What Do I Get From This Relationship
"Many people enter relationships with a single question," I said. "What do I get from this?"
Yoav looked puzzled.
"For example, someone may marry a beautiful partner because it raises their sense of worth. Someone else marries a successful partner because they want security. But eventually those expectations collapse. No partner can permanently fill what we feel is lacking inside."
Naomi nodded. "That’s exactly what I keep telling him. He’s always focused on what he’s not getting."
"But I chose you because I wanted you to love me," Yoav said, turning to her. "Isn’t that natural?"
"It’s completely natural," I answered.
A Different Perspective
"But there is another way to look at relationships. Instead of asking what do I receive, we begin asking a different question: what comes from me and what can I give?"
"Subconsciously," I continued, "we often choose partners who challenge our deepest wounds. Naomi is not here to fill every emotional gap you feel. She is here to help you discover your own ability to generate love, appreciation, and strength from within."
Yoav listened carefully.
"When you want her to appreciate you," I explained, "it is also an invitation for you to appreciate her. When you give appreciation, you awaken that same quality within yourself."
"So she’s not really supposed to give me everything I’m looking for?" Yoav asked hesitantly.
"In many cases, the relationship exposes our dependence on external validation. When we rely entirely on others to confirm our worth, we remain trapped."
From Dependency to Inner Strength
Naomi frowned slightly. "That sounds almost cruel. Like I need to hurt him in order for him to grow."
"It’s not about hurting," I said. "It’s about revealing the places where we are still dependent."
"When Yoav asks you for something you genuinely cannot give, it invites him to discover what is missing within himself. That discovery is where real growth begins."
Yoav thought quietly.
"So every place where I’m angry at Naomi is actually a place where I need to work on myself?"
"Exactly," I replied.
"Instead of saying she isn’t giving me what I need, ask yourself two questions: What can I give her? And what am I not giving myself?"
The Freedom to Love
"This process can feel uncomfortable," I continued. "It can feel like emotional detox. But on the other side of that process is real freedom."

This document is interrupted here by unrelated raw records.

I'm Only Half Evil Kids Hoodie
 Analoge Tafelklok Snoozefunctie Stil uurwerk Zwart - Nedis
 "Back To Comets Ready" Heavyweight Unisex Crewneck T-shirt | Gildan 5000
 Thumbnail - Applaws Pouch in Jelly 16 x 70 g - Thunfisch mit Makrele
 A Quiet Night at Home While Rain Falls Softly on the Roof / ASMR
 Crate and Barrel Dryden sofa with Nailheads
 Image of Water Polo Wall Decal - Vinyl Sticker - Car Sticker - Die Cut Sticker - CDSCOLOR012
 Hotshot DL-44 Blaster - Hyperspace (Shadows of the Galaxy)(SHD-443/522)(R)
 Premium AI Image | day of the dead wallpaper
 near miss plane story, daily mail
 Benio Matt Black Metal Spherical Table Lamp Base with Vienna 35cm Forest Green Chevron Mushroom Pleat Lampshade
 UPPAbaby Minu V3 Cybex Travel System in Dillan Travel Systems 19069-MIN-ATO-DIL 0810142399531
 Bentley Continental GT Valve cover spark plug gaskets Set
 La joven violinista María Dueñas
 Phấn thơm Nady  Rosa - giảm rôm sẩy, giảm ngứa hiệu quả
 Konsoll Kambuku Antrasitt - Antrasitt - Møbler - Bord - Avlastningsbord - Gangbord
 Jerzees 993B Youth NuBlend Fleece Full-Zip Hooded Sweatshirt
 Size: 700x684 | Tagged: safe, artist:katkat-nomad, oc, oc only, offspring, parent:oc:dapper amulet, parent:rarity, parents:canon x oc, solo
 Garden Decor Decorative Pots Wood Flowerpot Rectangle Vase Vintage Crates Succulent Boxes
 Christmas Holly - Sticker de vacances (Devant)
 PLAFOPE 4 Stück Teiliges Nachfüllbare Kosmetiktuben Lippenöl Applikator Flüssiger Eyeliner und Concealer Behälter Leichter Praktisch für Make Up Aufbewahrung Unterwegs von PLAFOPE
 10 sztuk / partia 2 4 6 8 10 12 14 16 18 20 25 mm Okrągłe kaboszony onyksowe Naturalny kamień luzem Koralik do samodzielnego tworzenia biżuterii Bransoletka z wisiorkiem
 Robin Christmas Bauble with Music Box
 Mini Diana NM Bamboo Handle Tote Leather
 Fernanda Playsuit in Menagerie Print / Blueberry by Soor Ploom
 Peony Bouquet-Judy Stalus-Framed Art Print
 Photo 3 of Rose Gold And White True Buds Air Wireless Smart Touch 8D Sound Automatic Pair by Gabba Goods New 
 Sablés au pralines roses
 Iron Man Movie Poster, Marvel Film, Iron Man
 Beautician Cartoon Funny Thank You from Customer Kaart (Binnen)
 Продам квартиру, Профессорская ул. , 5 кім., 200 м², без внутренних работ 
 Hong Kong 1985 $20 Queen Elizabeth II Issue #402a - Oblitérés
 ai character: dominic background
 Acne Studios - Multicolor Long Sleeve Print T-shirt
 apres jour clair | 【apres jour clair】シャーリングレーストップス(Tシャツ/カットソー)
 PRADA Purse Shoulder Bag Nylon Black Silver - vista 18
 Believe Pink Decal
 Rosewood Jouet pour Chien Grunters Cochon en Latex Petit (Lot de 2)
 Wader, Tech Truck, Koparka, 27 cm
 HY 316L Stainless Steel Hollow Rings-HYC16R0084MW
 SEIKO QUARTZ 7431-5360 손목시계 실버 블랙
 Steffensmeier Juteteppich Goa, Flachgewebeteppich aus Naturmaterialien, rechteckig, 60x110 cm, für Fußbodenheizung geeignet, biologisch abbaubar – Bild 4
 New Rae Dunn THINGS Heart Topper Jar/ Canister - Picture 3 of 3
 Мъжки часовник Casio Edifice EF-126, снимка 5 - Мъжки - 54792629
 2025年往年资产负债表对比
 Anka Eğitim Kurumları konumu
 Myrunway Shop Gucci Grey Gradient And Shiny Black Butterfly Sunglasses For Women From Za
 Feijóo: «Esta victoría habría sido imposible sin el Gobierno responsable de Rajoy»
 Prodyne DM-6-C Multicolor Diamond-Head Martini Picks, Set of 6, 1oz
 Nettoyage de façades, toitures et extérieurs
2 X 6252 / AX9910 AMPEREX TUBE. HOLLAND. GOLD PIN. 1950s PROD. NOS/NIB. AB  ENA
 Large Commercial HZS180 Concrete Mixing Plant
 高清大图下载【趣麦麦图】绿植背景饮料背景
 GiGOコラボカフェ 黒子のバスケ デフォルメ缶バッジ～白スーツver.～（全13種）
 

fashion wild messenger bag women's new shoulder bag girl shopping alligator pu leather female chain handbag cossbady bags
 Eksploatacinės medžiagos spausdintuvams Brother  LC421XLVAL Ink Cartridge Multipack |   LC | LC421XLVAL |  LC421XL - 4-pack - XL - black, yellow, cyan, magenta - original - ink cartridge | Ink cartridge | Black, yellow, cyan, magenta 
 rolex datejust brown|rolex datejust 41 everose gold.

"The moment you stop waiting for someone else to fill you from the outside, you begin to discover that the strength you were searching for already exists within you."
Naomi looked relieved. "So I’m not supposed to carry him or lift him up all the time?"
"No," I answered gently. "You’re not his parent. You’re his partner. Your role is to walk beside him, not to hold him up."
Yoav turned toward Naomi.
"All those years when I felt disappointed, maybe those were moments inviting me to look inward," he said quietly.
"That’s the movement of a healthy relationship," I concluded. "A relationship is not the place where we finally receive everything we were missing. It is the place where we discover how to give from fullness rather than from lack."
Yoav smiled faintly.
"It still feels like a difficult detox."
"But if we succeed," Naomi added softly, "maybe we’ll finally feel free together."
All details have been changed to protect privacy.